Write out the entries below exactly, but only from the line containing "Image de LePetitPleney;" through the line containing "Kal Chatti (Stone", and without the pictures.

**Records for processing:**
##############################

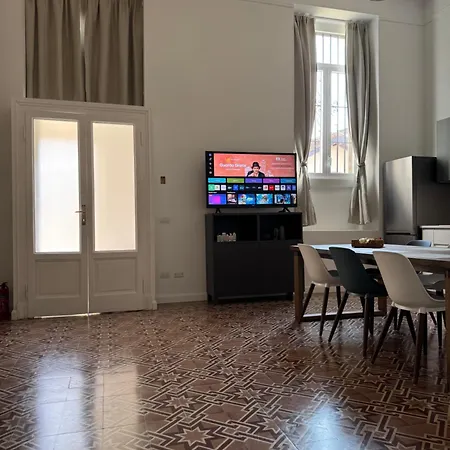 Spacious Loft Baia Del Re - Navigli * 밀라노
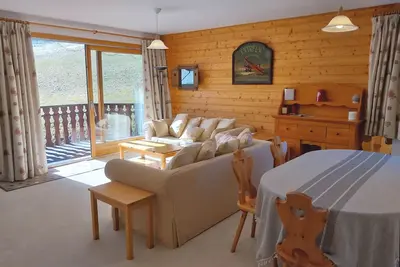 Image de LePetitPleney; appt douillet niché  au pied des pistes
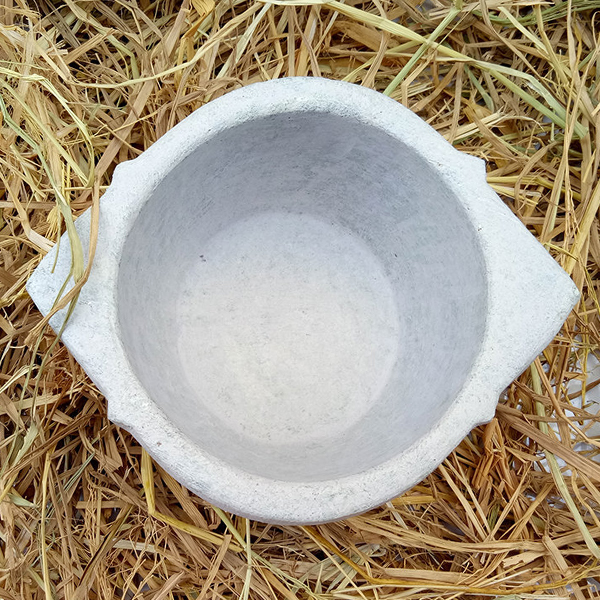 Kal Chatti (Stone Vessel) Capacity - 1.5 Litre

##############################

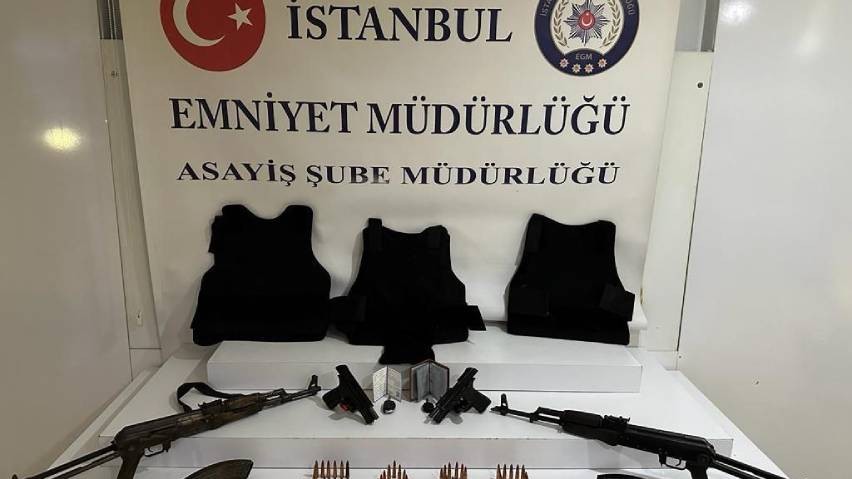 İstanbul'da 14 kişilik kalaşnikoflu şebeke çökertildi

##############################

**Result for this task:**
 Image de LePetitPleney; appt douillet niché  au pied des pistes
 Kal Chatti (Stone Vessel) Capacity - 1.5 Litre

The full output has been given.